**ACTION ITEM:** Your job is to report every line of the entries that has "Shoes".

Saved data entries
_ _ _

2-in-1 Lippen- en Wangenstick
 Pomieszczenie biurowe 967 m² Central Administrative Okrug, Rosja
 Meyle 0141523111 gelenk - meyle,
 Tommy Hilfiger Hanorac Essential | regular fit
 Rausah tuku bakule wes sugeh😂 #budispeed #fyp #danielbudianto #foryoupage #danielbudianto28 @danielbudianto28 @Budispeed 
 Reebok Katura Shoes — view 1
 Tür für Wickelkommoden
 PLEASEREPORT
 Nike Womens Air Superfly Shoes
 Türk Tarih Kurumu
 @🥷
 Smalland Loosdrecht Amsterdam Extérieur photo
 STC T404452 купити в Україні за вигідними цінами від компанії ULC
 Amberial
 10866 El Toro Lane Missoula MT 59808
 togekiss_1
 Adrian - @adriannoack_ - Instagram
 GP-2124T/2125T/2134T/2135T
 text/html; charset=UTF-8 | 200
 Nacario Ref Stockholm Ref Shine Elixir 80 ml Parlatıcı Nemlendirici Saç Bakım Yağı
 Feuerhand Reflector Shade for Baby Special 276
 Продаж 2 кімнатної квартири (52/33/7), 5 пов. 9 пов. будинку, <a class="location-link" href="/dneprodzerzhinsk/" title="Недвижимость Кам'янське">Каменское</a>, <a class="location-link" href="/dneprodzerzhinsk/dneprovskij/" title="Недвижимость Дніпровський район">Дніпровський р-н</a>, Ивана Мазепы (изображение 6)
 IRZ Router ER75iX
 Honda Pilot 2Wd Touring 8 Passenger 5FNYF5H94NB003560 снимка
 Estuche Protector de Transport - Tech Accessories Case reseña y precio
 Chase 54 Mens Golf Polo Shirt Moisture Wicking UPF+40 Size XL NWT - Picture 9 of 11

_ _ _

**TASK SOLUTION:**
 Reebok Katura Shoes — view 1
 Nike Womens Air Superfly Shoes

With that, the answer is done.